Support Questions

therealsrikanth · ‎09-17-2024

Hello team,
My main work is dependent on HBase Data.

I have Source (RHEL 7 CDH cluster) and Destination (RHEL 9 Open-Source Cluster self-managed cluster)

RHEL 9 Open-Source Cluster Conf:

Apache Services Configured and running:
- Zookeeper
- Hadoop
- Yarn is Default conf
- HBase
Migration Approach:
- Export - Import approach:
  - Did the export on the source side.
  - Tried doing distcp to source which won't work because of authentication mismatch and non-presence of marred because it was not configured in the source side.
  - So I did the winSCP to destination and tried import which didn't work because the MapRed was not configured because it was not in the requirement.
  - So I skipped this approach.
- Snapshot approach:
  - I took snapshot on source side and tried doing snapshot-export. It gave an error saying that the destination is a 'SIMPLE AUTH' but the source is Kerberos Authenticated. So, it didn't work.
  - Manual Approach:
    - Took snapshots on source.
    - Hadoop Get: Used get command to copy the snapshots file, /hbase/data/DataCapture (Actual Data Dir) and /hbase/data/hbase (Meta Data Dir)
    - winSCP: Then used winSCP to transfer these directories from source to destination.
    - Meta Conf: But before that I have replaced the metadata info in RHEL 7 and replaced with RHEL 9 HBase info.
      - Region Servers
      - Server Start Codes
    - Stopped HBase and restarted but it didnt work out and its throwing the following error which i do 'list' :
      - 2024-09-17 08:32:32,622 INFO zookeeper.ClientCnxn: EventThread shut down for session: 0x102e6e64b450116
        2024-09-17 08:32:41,113 INFO client.RpcRetryingCallerImpl: Call exception, tries=12, retries=16, started=68591 ms ago, cancelled=false, msg=org.apache.hadoop.hbase.PleaseHoldException: Master is initializing
                at org.apache.hadoop.hbase.master.HMaster.checkInitialized(HMaster.java:3188)
                at org.apache.hadoop.hbase.master.MasterRpcServices.getTableDescriptors(MasterRpcServices.java:1073)
                at org.apache.hadoop.hbase.shaded.protobuf.generated.MasterProtos$MasterService$2.callBlockingMethod(MasterProtos.java)
                at org.apache.hadoop.hbase.ipc.RpcServer.call(RpcServer.java:415)
                at org.apache.hadoop.hbase.ipc.CallRunner.run(CallRunner.java:124)
                at org.apache.hadoop.hbase.ipc.RpcHandler.run(RpcHandler.java:102)
                at org.apache.hadoop.hbase.ipc.RpcHandler.run(RpcHandler.java:82)
        , details=, see https://s.apache.org/timeout
What is the best way to proceed sir ?
- Should i format the HBase?

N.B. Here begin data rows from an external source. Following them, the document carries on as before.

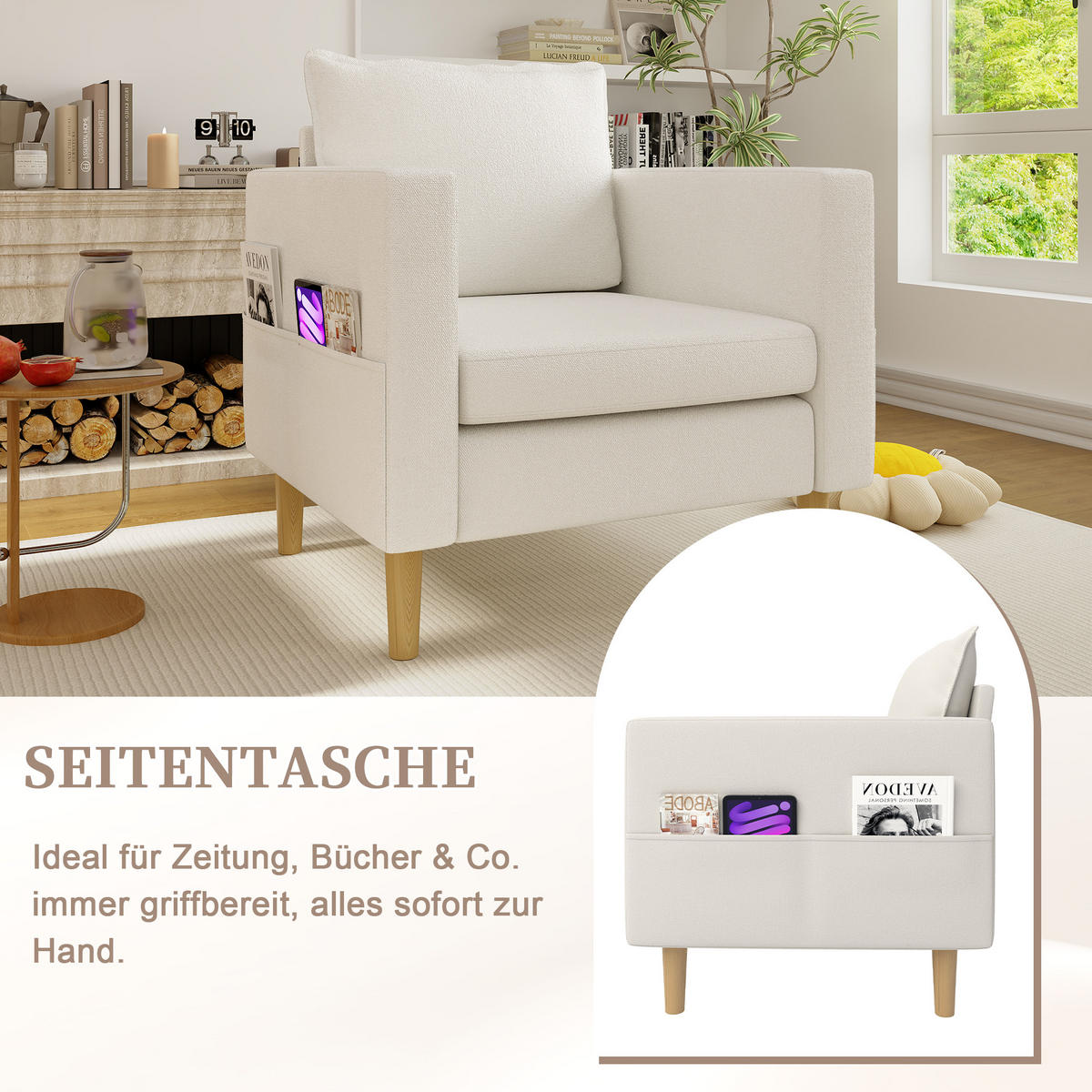 SESSEL Chenille Beige mit Seitentasche - Beige, Holz/Holzwerkstoff (71/82/68cm) - WISHDOR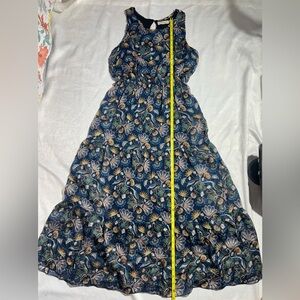 Floral women maxi Dress in Blue and Yellow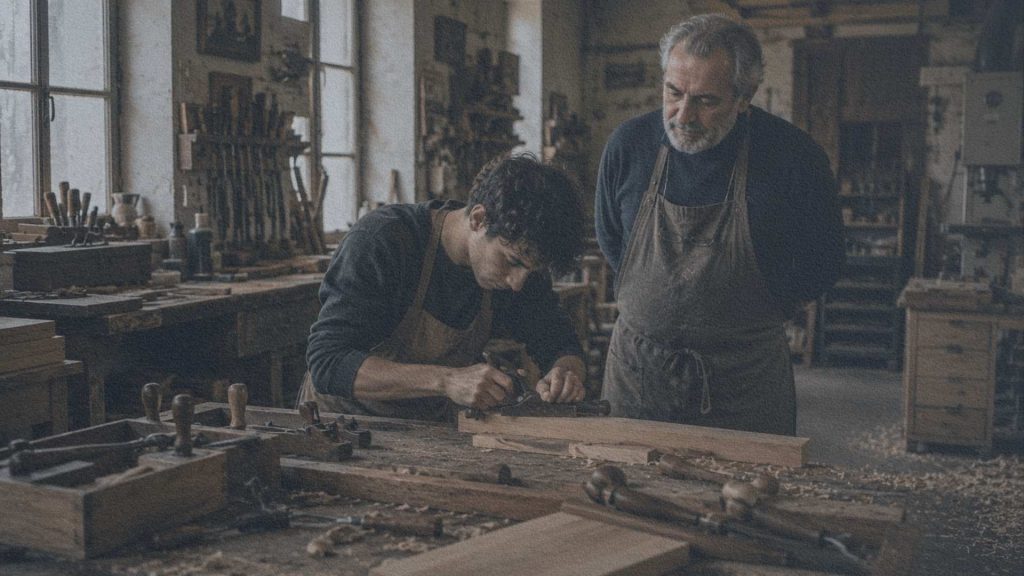 Maître artisan observant un apprenti qui travaille une pièce de bois dans un atelier italien.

Or change the root dir to new one to start freshly? What approach should i procced sir?
- Should is configure Map-Red to do import on the destination side?
- As the destination side authentication is 'SIMPLE AUTH' do i need to Kerberos it sir or I can modify the configurations in the source RHEL 7 Cloudera managed to 'SIMPLE AUTH' ?.
  - Note: My client uses LADP, AD and kerberos for Application purposes.
  - The KDC is Active directory itself (AD Kerberos)
Or is there any other way ?

Please give me a detailed information sir. Really appreciate it.

Thanks,
Srikanth

therealsrikanth · ‎09-17-2024

Looking forward for the detailed information. Thanks

shubham_sharma · ‎09-18-2024

Hi @therealsrikanth

Manual snapshots copying is the only way forward as you have security and compatibility issues between the clusters.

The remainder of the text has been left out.